Content Warning: There is discussion of assault — not the actual assault — in the book and in this review.
In The Trouble with Hating You, Sajni Patel brilliantly shows how young Indian Americans blend the Indian ethics and morals their parents brought with them from India — and tried to inculcate in their progeny — and the American principles they grew up with among their peers. Ultimately, the book is an exploration of deeply-held values, how our past shapes us, and how we can intentionally step forward into life.
Liya Thakkar is a Gujarati Indian American biochemistry scientist in Houston. All her life, she’s been known as a rebel among her parents’ generation, a strong person among her friends, and a person with integrity among her colleagues. She was not generally considered a likeable person, and she has convinced herself of that fact, and she has further developed a hard shell to shrug off any attempts by others to like her. She has her close coterie of friends and she has her work, and she has convinced herself that she is satisfied with life. She certainly has no intention of marrying.
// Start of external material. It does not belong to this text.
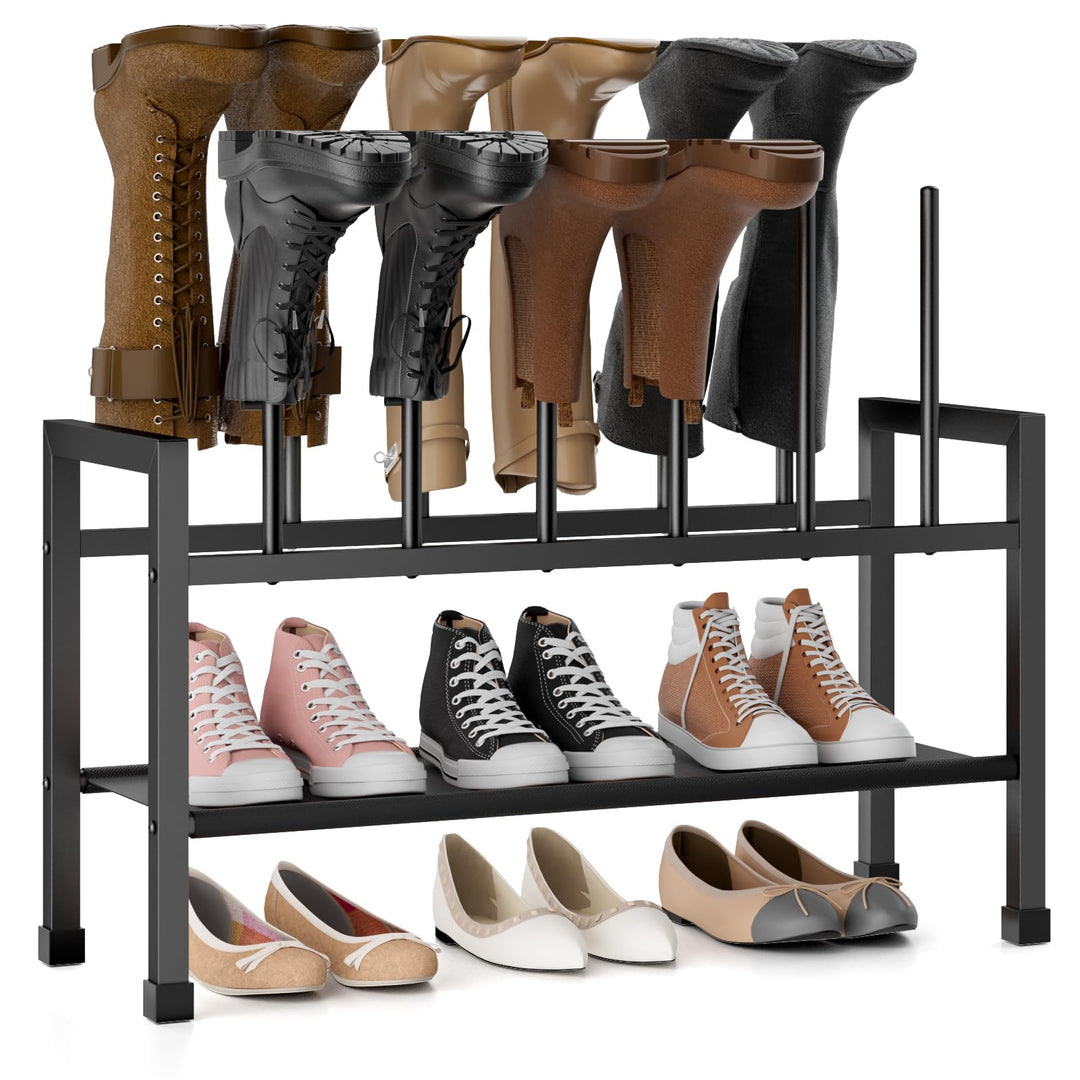 Mavivegue 2-in-1 Schuhregal Stehend Metall Schwarz - Freistehende Stiefelhalter, Kombinierbar & Sepa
So when she finds herself being surprised by her desperate parents with an introduction to a prospective groom, she runs screaming into the night…smack into the gorgeous person of Jayesh “Jay” Shah, a Gujarati Indian American lawyer in Houston.
Jay is naturally appalled at Liya’s manners and that she hurt his mother’s feelings and her parents’. Unlike Liya’s rebelliousness and prickly relationship with her parents, mostly her father, Jay has a close relationship with his mother, brother, and sister-in-law. Liya has an unruly tongue on her, but Jay is the dutiful son and has always the rights words and gestures for every occasion and every person.
So why does he constantly find himself arguing with Liya…when they meet at the mandir (Hindu temple) and at work? He is flabbergasted to find that they have to work closely together to save the company where Liya’s been recently promoted.
Liya wants nothing to do with him and he finds he can’t keep himself away from her. What follows is a story of such tenderness as he softens her sharp corners even as he works his way into her heart past all the barricades she continually throws up. When she finally stops blocking his every move to draw closer to her, she realizes that he is struggling with intense guilt that he has successfully hidden from everyone but his close family. In so doing, she helps him move past the bonds of grief and guilt into thinking that he is deserving of all the happiness she can give him.
Liya had been assaulted as a young teen by a man of great influence in the Indian American community, and when she told her parents about it, her father repudiated her. How does a young girl survive that deep betrayal, that deep shame? Suicidality or Rebelling. Liya decided to be that strong person who shields that intensely vulnerable child inside. She shows the world that she has no respect for boys, and later on, no respect for men. She is so convincing that they, in turn, have no respect for her, nor she for herself. The heart of this story is how Jay convinces her that she is worthy of respect, worthy of love. To him, she is the moon and the earth and the sky. It is because of him that she recognizes that self-hatred has been destroying her from within, that it is okay to be compassionate to herself, that it is okay to be vulnerable with the one person who will always lift her up, who thinks she is aces.
Patel has created a powerful heroine in Liya Thakkar in all her guises and complexity. And in Jay Shah, she has created the perfect consort. In a role reversal, Liya is the Lord Shiva to Jay’s Parvati. I highly recommend The Trouble with Hating You.